By Rich Christianson

The eyes have it!

The final votes are in and the Top 10 most-viewed posts on IllinoisUrbanWood.org are known.

Activity on the Illinois Urban Wood Utilization Team’s website finished 2016 with 7, 349 visitors who clicked through 17,412 pages. Both of these totals are more than double that of 2015.

Here’s a quick reverse-order recap of the most popularly viewed posts last year.

10. Video: Tom The Sawyer Mills Black Walnut for Figure
Tom Hogard, aka Tom The Sawyer, of Eudora, KS, demonstrates how to maximize the figure of logs with “flaws” including sweep or crotches. Read more.

9. Woodworking Enthusiasts Get a Taste of Urban Wood
Woodworkers of all ages get an opportunity to craft products from wood salvaged from Chicago Park District trees. Read more.

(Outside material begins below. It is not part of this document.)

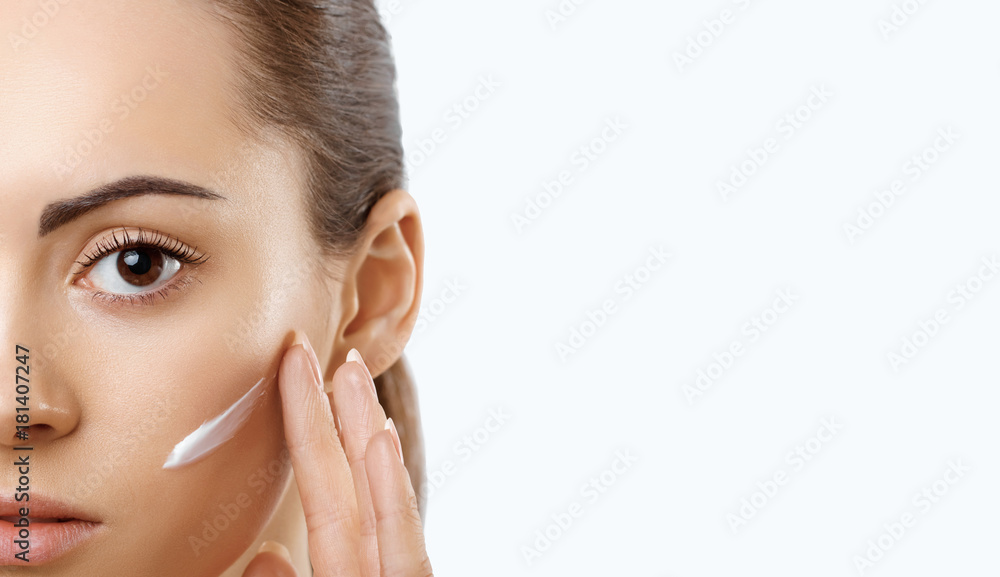 Facial Care. Female Applying Cream.Portrait Of Young Woman With Cosmetic Cream On Skin. Closeup Of Beautiful Girl With Beauty Product On Soft Skin, Natural Makeup Touching Face. High Resolution Facial Care. Female Applying Cream.Portrait Of Young Woman With Cosmetic Cream On Skin. Closeup Of Beautiful Girl With Beauty Product On Soft Skin, Natural Makeup Touching Face. High Resolution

8. Historic Bell Tolls for Urban Wood Display
Jeff Perkis used red oak milled from one of the downed trees to create a display stand for a historic train bell. It will become a permanent exhibit at the West Chicago City Museum. Read more.

7.  Illinois Sawmill Directories Updated
The Forestry Division of the Illinois Department of Natural Resources recently released a pair of newly updated sawmill directories, one featuring custom sawyers and the other dedicated to stationary sawmilling operations. Read more.

6. Passions Flow at IWF Urban Wood Seminar
Three presenters – representing three very diverse business models – chorused their praise for urban wood during a unique seminar held Aug. 26 at the International Woodworking Fair in Atlanta. Read more.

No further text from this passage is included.